Situasi ini juga menjadi ujian tersendiri bagi Turki, yang sejak awal mendukung pemerintahan baru dan melihat stabilitas Suriah sebagai kepentingan geopolitik yang tak bisa ditawar.
Meski agresif, langkah Israel tidak mencerminkan posisi yang kokoh sepenuhnya. Sebaliknya, justru mengungkapkan keterbatasan.
Salah satu kendala utama adalah keberadaan arus nasionalis kuat di dalam komunitas Druze sendiri—arus yang menolak narasi separatis dan tidak ingin menjadi instrumen bagi upaya Israel untuk memecah Suriah.
Kesepakatan tokoh masyarakat Suwaida pada 1 Mei lalu, yang membuka akses bagi pasukan negara untuk kembali masuk ke wilayah mereka, merupakan indikasi nyata dari penolakan tersebut.
Dalam kondisi tanpa dukungan lokal yang memadai, Israel menghadapi kesulitan besar dalam menjadikan isu Druze sebagai pintu masuk dominasi geopolitiknya di Suriah.
Hal ini menimbulkan 2 dilema serius bagi Israel. Pertama, rapuhnya proyek perlindungan minoritas yang selama ini menjadi justifikasi utama keterlibatannya di Suriah.
Kedua, terancamnya kredibilitas di hadapan sebagian kecil kelompok Druze yang sebelumnya menerima narasi perlindungan dari Israel, terutama yang dipimpin oleh tokoh spiritual seperti Syaikh Hikmat Al-Hijri.
Di sisi lain, pemerintahan baru di Suriah semakin memperkuat legitimasi internal dan eksternal.
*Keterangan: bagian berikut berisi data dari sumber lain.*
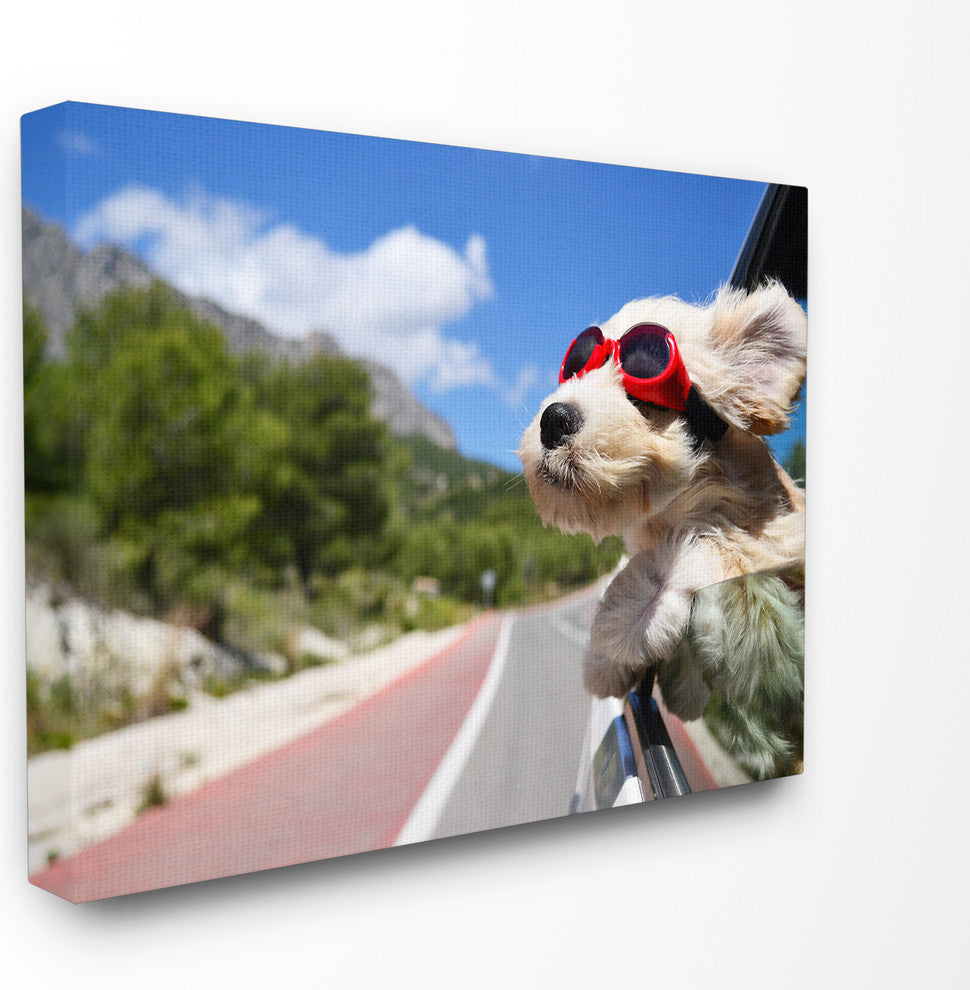Road Trip Happy Dog With Red Sunglasses, Canvas, 24"x30"
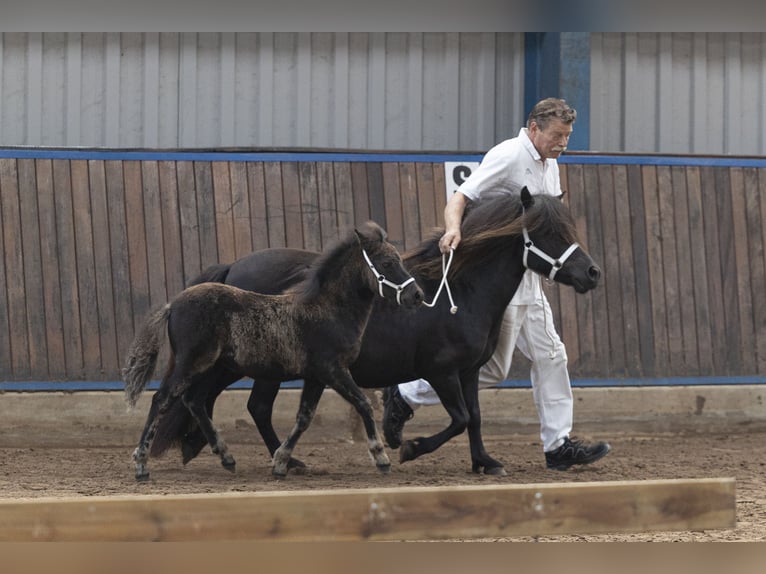 Ponis Shetland Semental Potro (05/2024) Negro in Eesergroen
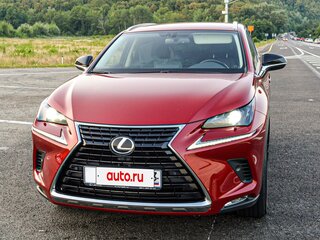 2019 Lexus NX 200 I Рестайлинг, красный, 3500000 рублей, вид 1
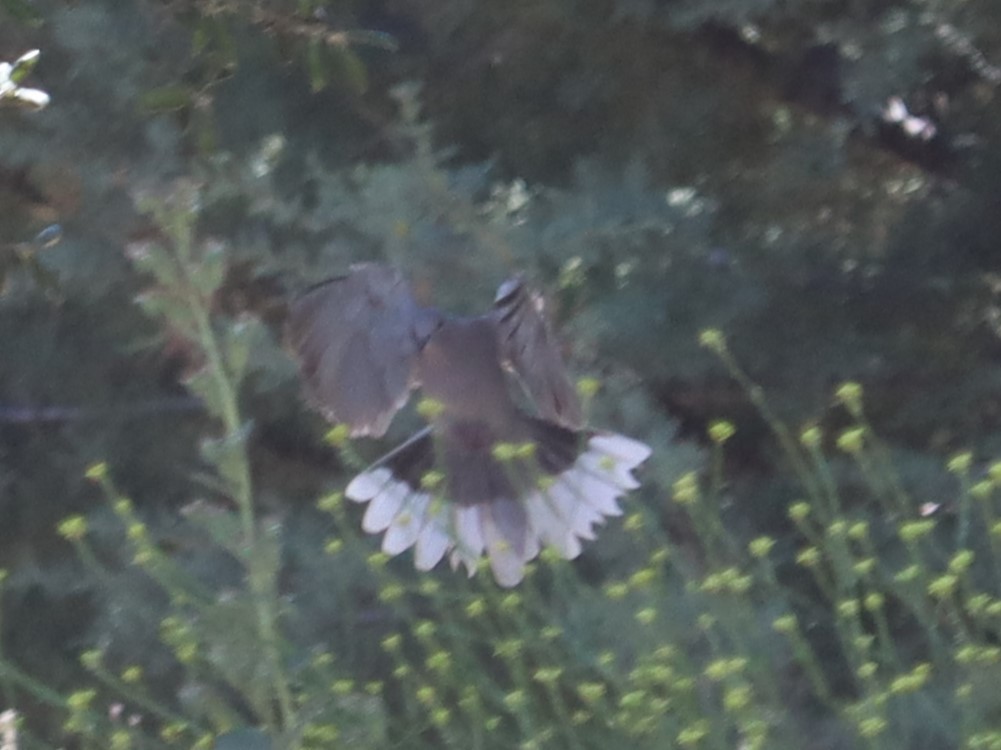 Band-tailed Pigeon - Jennifer Lloyd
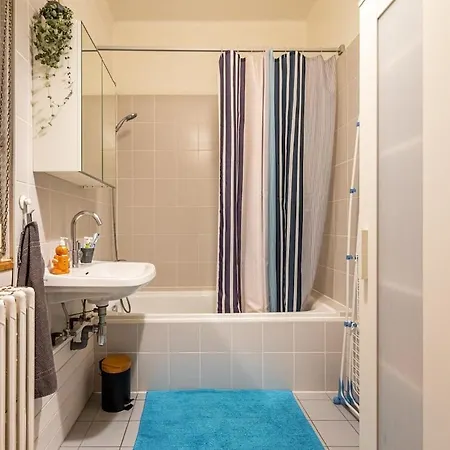 Large In 公寓 斯特拉斯堡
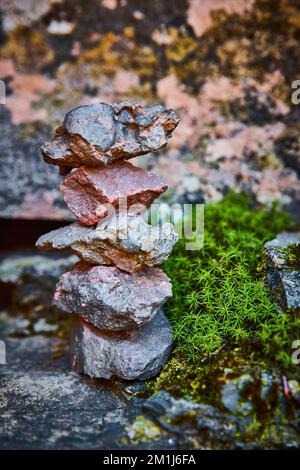 Konzentrieren Sie sich auf einen Klugsteinstapel aus winzigen Felsen, die an moosbedeckten Felsen und grünen winzigen Pflanzen befestigt sind Stockfoto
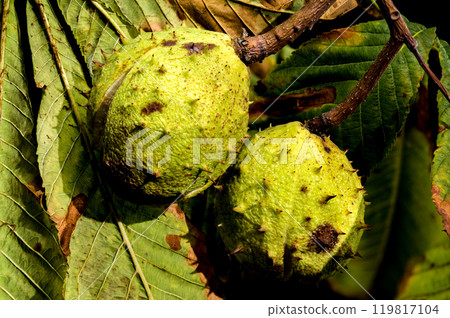 Close-up of a horse chestnut (conker) seed emerging from its spiky green husk on a background of leaves 119817104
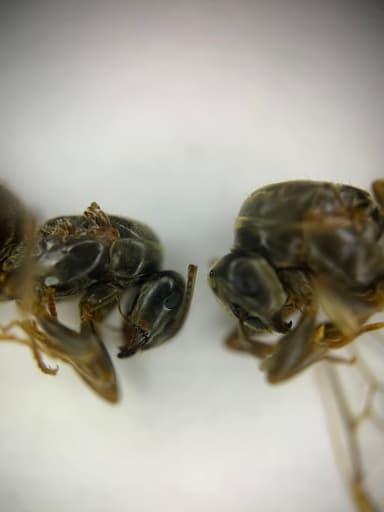 Lasius platythorax — queen photo 40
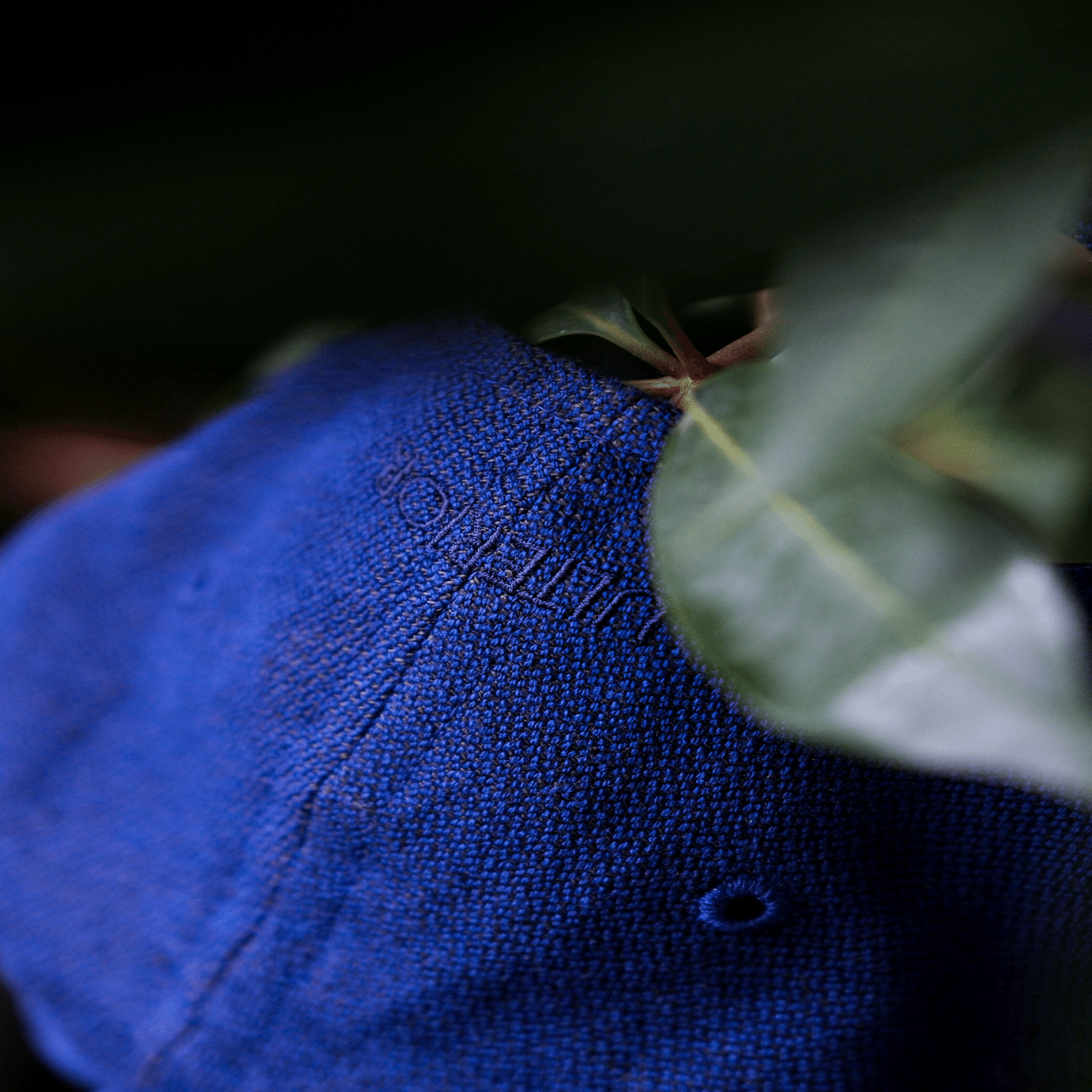 これぞSud.｜y_s_k117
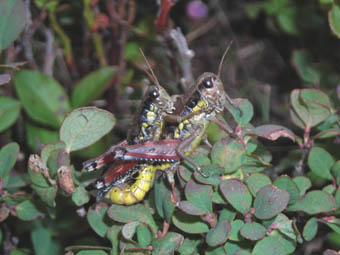 Podisma cfr. dechambrei (Acrididae Catantopinae)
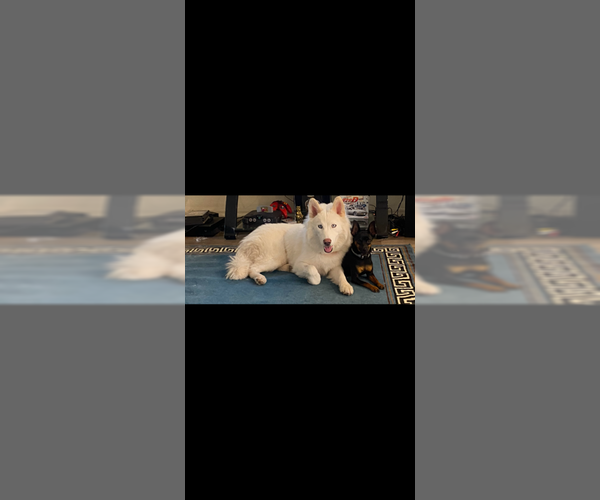 Medium Photo #3 Siberian Husky-Unknown Mix Puppy For Sale in Chandler, AZ, USA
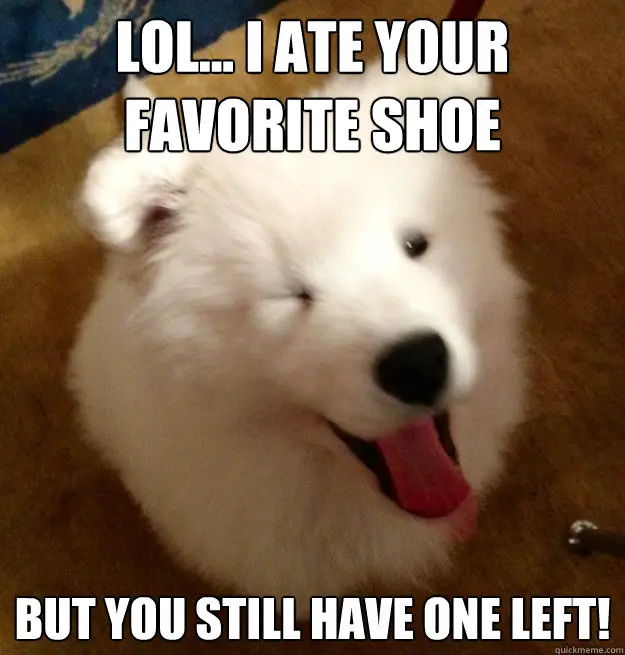 Samoyed Dog sitting on the floor while winking photo with a text 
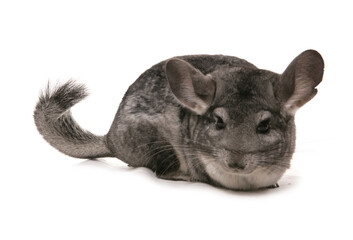 Black Chinchilla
Dalam beberapa bulan terakhir, Presiden Ahmad Al-Sharaa mulai memperoleh pengakuan internasional yang makin meluas.
Hal ini turut mendorong Israel untuk mengubah cara pandangnya terhadap pemerintahan Damaskus—bukan lagi sekadar “otoritas lokal” yang dikelola Hay’at Tahrir al-Sham, melainkan sebagai pemerintah sah yang harus diperhitungkan.
Bahkan dalam retorika ancamannya, Israel mulai mengakui struktur kekuasaan baru ini. Selain itu, Israel tidak bisa mengabaikan arah kebijakan Amerika Serikat (AS) yang kini mulai membuka saluran komunikasi diplomatik dengan Al-Syar’.
Dalam pertemuan di Gedung Putih pada 5 April lalu, Presiden Donald Trump menyampaikan kepada Netanyahu bahwa Turki adalah aktor utama dalam membentuk masa depan Suriah.
Trump juga menegaskan bahwa Israel perlu bersikap rasional dalam menetapkan tujuan-tujuannya di Suriah agar tetap relevan dan dapat diwujudkan.
Pasca pertemuan tersebut, terjadi penurunan tajam dalam aktivitas militer Israel di Suriah. Sejak 2 April, tidak ada laporan serangan baru hingga dua serangan terakhir di Damaskus pada awal Mei ini.
Kondisi ini, bersama dengan dinamika lain di lapangan, memberi tekanan tambahan terhadap strategi Israel di kawasan.
Ketidakrealistisan dalam menetapkan tujuan hanya akan memperlihatkan kelemahan posisi Israel.
Lebih jauh, kebijakan seperti ini berisiko melahirkan konsekuensi yang berlawanan dari yang diharapkan.
Namun demikian, penting bagi Presiden Al-Sharaa dan pemerintah Turki untuk tetap waspada. Meski menghadapi hambatan, Israel kemungkinan besar tidak akan melepaskan ambisinya di Suriah begitu saja.
Ia bisa saja mengubah cara pendekatan dan retorikanya, tetapi tujuannya tetap: menjaga Suriah dalam kondisi tegang dan rapuh demi memastikan ruang gerak bebas bagi Israel dengan biaya regional dan internasional serendah mungkin.
*Mahmoud Alloush adalah seorang penulis dan peneliti yang mengkhususkan diri dalam urusan Turki. Tulisan ini diambil dari situs Aljazeera.net dengan judul “Abraz Rasāil Isrāīl Ilā al-Syara’ Bidzorbi Muḥīṭh al-Qashar al-Raāsī”.